Woo, however, does things not just because they fucking look cool as fuck but because they contribute to the thematic content of his work, because they define and develop the characterisation, and because he is concerned with the moral imperatives of honour, guilt and redemption. Then, and only then, does the fact that they fucking look cool as fuck come into play.

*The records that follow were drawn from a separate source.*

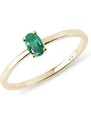 Minimalistický prsten se smaragdem ve zlatě KLENOTA K0772013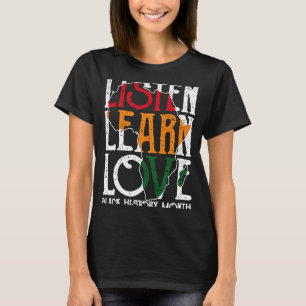 Camiseta Ouça Amor Aprender Professora Africano Negra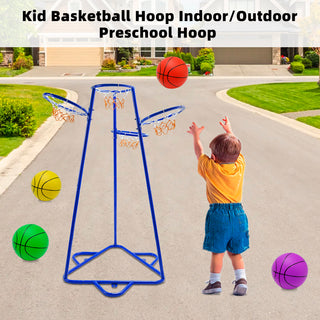 Early Learning 4 Hoop Kid Basketball Hoop Indoor/Outdoor Preschool Hoop Set Blue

Let’s revisit that phrase “moral imperative”. Sometimes it’s the directors whose work appears most violent, or attracts the most controversy, who prove themselves as having the more demonstrable morality: it’s true of Sam Peckinpah, true of Michael Haneke, true of John Woo. Haneke’s approach is one of cool, detached cerebralism; his aesthetic rigidly formalist. Woo, like Peckinpah, is a more emotionally involved filmmaker. He is acutely conscious of the way men interact and the codes that bind or divide them. He understands the mindset of the outcast, the criminal, the (conventionally speaking) bad guy. He sees the wounded and compromised humanity in them. Sometimes it’s a defeated sense of humanity; sometimes it’s retrievable.

‘The Killer’ is about a thoughtful and ultra-professional hitman, Ah Jong (Chow Yun Fat) who accidentally blinds nightclub singer Jenny (Sally Yeh) during a hit that turns into a fully-fledged gun battle. During the aftermath, rather than go to ground, he undertakes the proverbial one last job in order to raise money for the cornea transplant that could restore Jenny’s sight, despite the fact that maverick cop Inspector Ying (Danny Lee) is on his trail and unaware that his former paymasters are about to double cross him.

It sounds generic, clichéd and predictable. In Woo’s hands, it’s a dementedly excessive but savagely beautiful and often ludicrously funny work of art.